The increasing ocean acid conditions appear to be reducing coral’s thermal tolerance, Donner said in an interview. Tropical corals have a narrow water temperature range in which they thrive. When water temperature rises only two or three degrees, they “bleach” or turn white.

Corals can survive this, but if the heat stress persists long enough – weeks instead of days – the corals can die in great numbers, as they did in 1998 when 16 percent of the world’s tropical corals died.

Emissions of greenhouse gases are not only warming the oceans, they have also made them 30 percent more acidic. The oceans and the atmosphere are intimately connected. When CO2 is released into the atmosphere from burning fossil fuels, some of that extra CO2 combines with carbonate ions in seawater, forming carbonic acid.
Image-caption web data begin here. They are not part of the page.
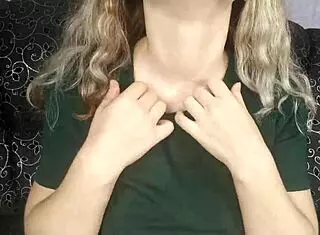 i love the feel of my oiled feet in this homemade video, so adorable and close up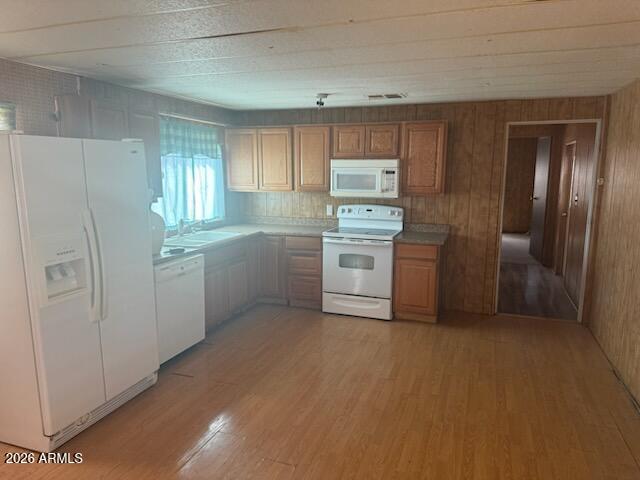 2151 E PERLITE Lane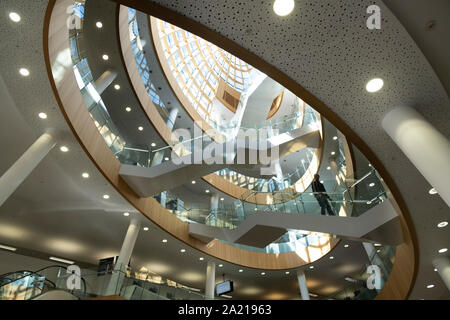 Liverpool Central Library, Liverpool, Regno Unito - sovrapposizione di scale in vetro e acciaio, una straordinaria architettura moderna dietro una facciata classica Foto Stock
This level of change in ocean chemistry has not happened in millions of years and is beginning to dissolve reefs.

Some corals will undoubtedly survive and some will adapt to the new conditions, although the changes are far more rapid than anything corals have ever experienced, said Donner.

“The bottom line is that humanity will lose the services that corals have provided for thousands of years,” he said.

Even at 1.5 C degrees of warming, only about half corals are likely to survive, the study found. That adds scientific weight to the small island nations’ and other countries’ call for a global target of 1.5 C, Donner said.

Every nation in the world officially agreed to keep global temperature increase below two degrees C at a U.N. climate meeting in Cancun, Mexico in 2010. An alliance of small islands and African countries had lobbied for the global target of less than 1.5 C due to the damages they are expected to suffer if temperatures rise above that mark.

Emissions must begin to decline this decade for either target so it is pointless to debate these targets right now, says Meinshausen. Once emissions are in significant decline, then how fast and how deep those cuts will have relevance for the final target, he said.

“I fear we’re going to miss our only chance to peak emissions this decade,” he said.